_EXERCISE MATERIALS:_
——————————

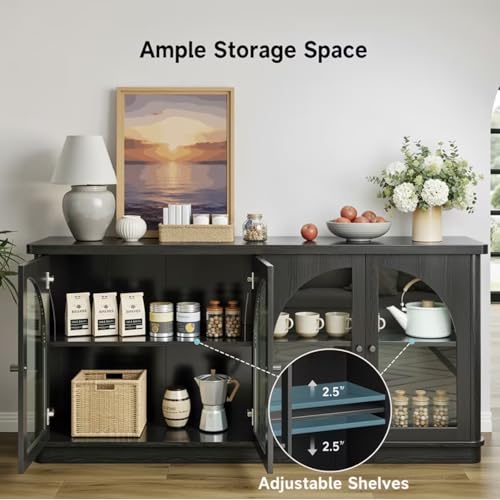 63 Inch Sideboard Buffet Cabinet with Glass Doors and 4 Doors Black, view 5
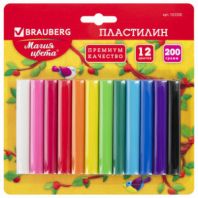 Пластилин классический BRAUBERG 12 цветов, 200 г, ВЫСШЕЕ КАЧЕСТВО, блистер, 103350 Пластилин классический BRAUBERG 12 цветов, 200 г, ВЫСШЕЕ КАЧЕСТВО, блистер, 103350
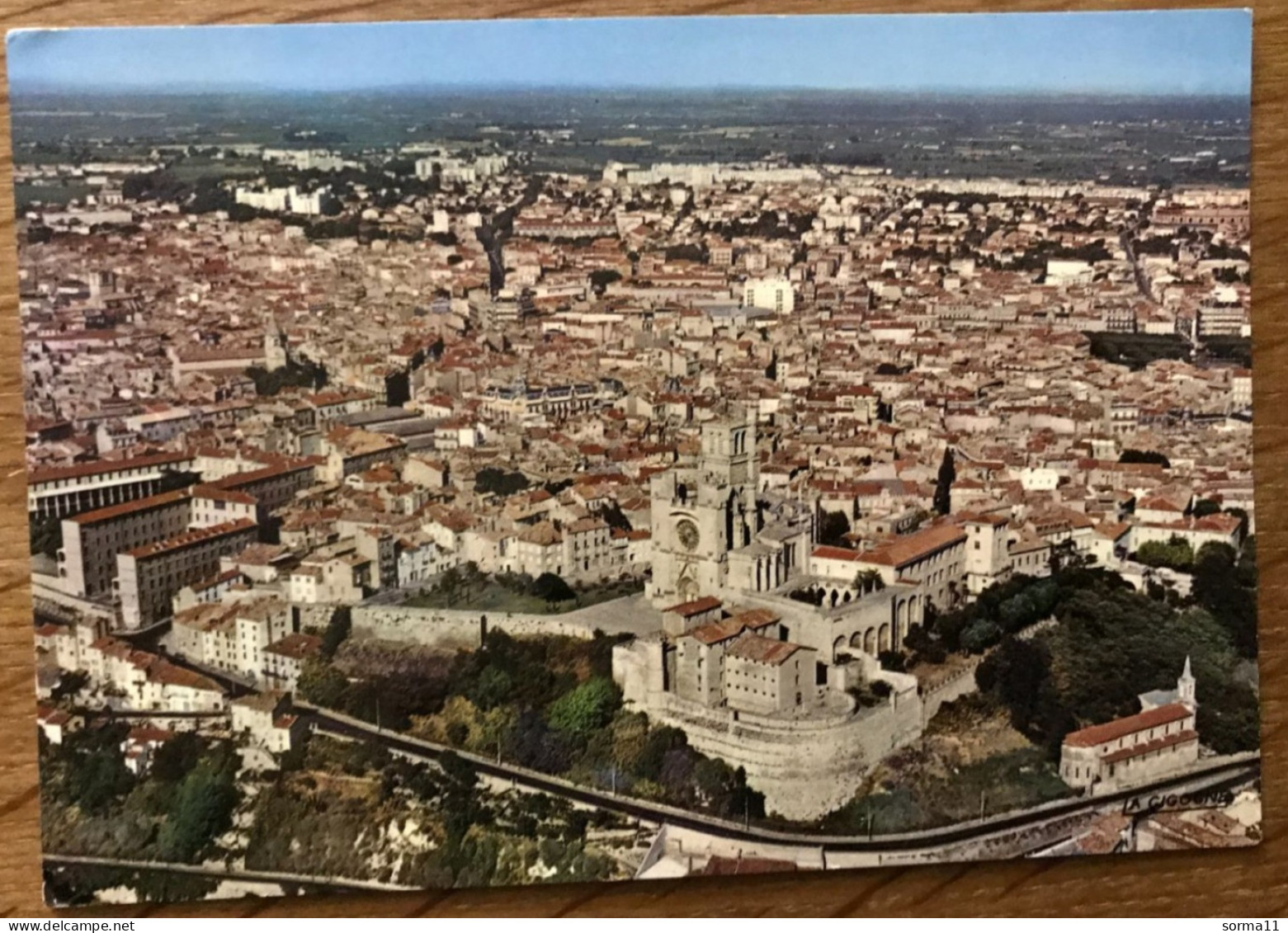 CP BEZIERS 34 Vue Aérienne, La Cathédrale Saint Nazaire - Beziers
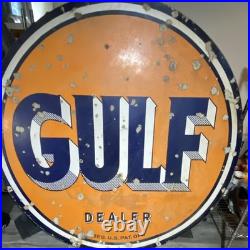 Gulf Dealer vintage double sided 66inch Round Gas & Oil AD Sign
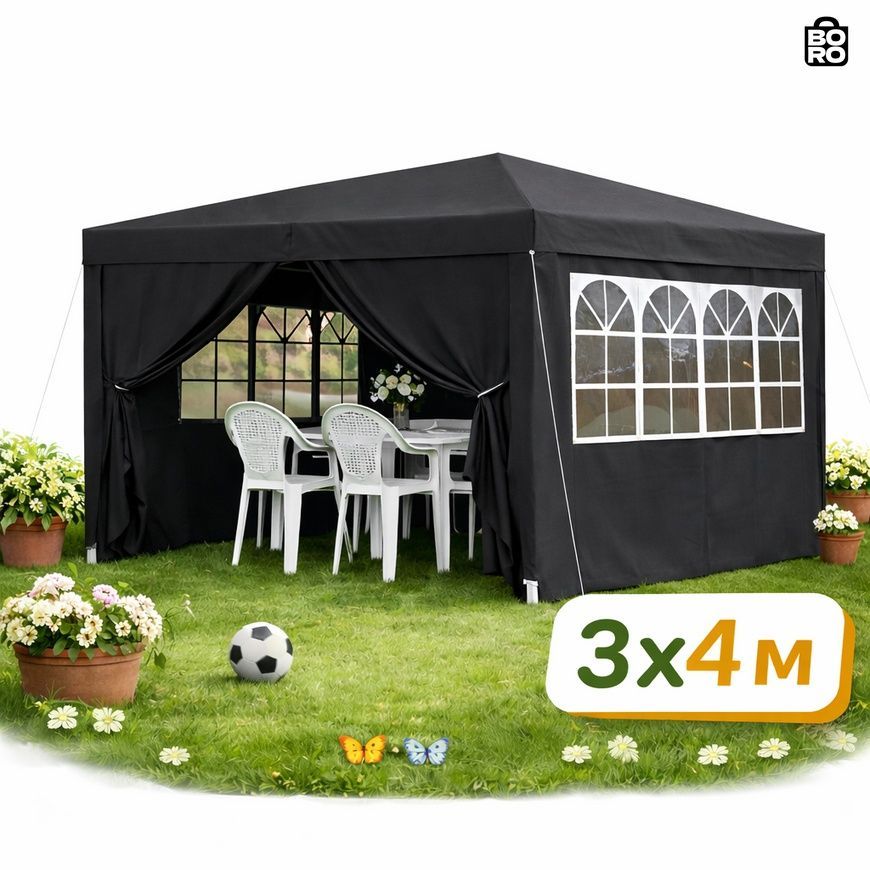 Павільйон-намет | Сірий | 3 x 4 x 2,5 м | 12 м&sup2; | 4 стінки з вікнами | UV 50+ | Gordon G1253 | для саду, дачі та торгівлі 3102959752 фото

——————————

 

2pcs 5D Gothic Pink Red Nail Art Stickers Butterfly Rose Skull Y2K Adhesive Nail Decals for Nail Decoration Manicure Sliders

——————————

In the listing above, find the line with "63 Inch Sideboard" and the line with "Павільйон-намет | Сірий". Set down exactly those lines and everything between them, skipping pictures.

_REPLY TO THE TASK:_
 63 Inch Sideboard Buffet Cabinet with Glass Doors and 4 Doors Black, view 5
 Пластилин классический BRAUBERG 12 цветов, 200 г, ВЫСШЕЕ КАЧЕСТВО, блистер, 103350 Пластилин классический BRAUBERG 12 цветов, 200 г, ВЫСШЕЕ КАЧЕСТВО, блистер, 103350
 CP BEZIERS 34 Vue Aérienne, La Cathédrale Saint Nazaire - Beziers
 Gulf Dealer vintage double sided 66inch Round Gas & Oil AD Sign
 Павільйон-намет | Сірий | 3 x 4 x 2,5 м | 12 м&sup2; | 4 стінки з вікнами | UV 50+ | Gordon G1253 | для саду, дачі та торгівлі 3102959752 фото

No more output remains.